Data segment:
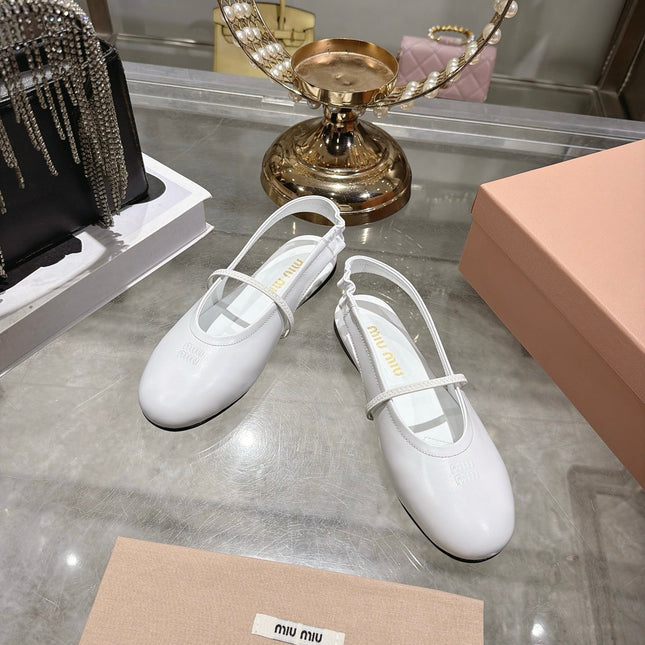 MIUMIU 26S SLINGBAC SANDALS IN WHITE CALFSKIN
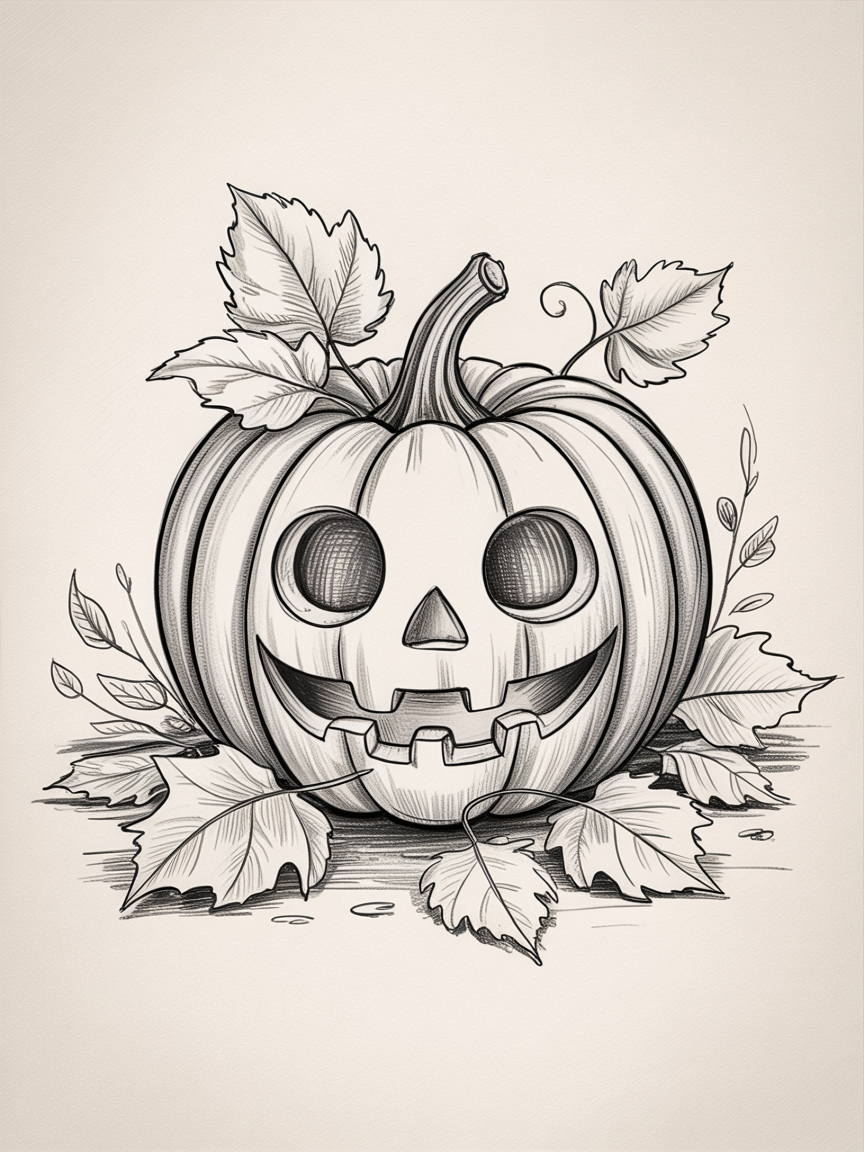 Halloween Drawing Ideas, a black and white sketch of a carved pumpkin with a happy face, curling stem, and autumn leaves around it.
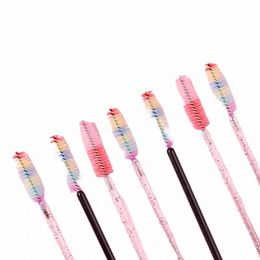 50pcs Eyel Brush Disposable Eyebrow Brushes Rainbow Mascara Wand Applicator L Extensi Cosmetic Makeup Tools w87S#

The task: Transcribe the whole of the data exactly, minus any pictures.

Solution to the exercise:
 MIUMIU 26S SLINGBAC SANDALS IN WHITE CALFSKIN
 Halloween Drawing Ideas, a black and white sketch of a carved pumpkin with a happy face, curling stem, and autumn leaves around it.
 50pcs Eyel Brush Disposable Eyebrow Brushes Rainbow Mascara Wand Applicator L Extensi Cosmetic Makeup Tools w87S#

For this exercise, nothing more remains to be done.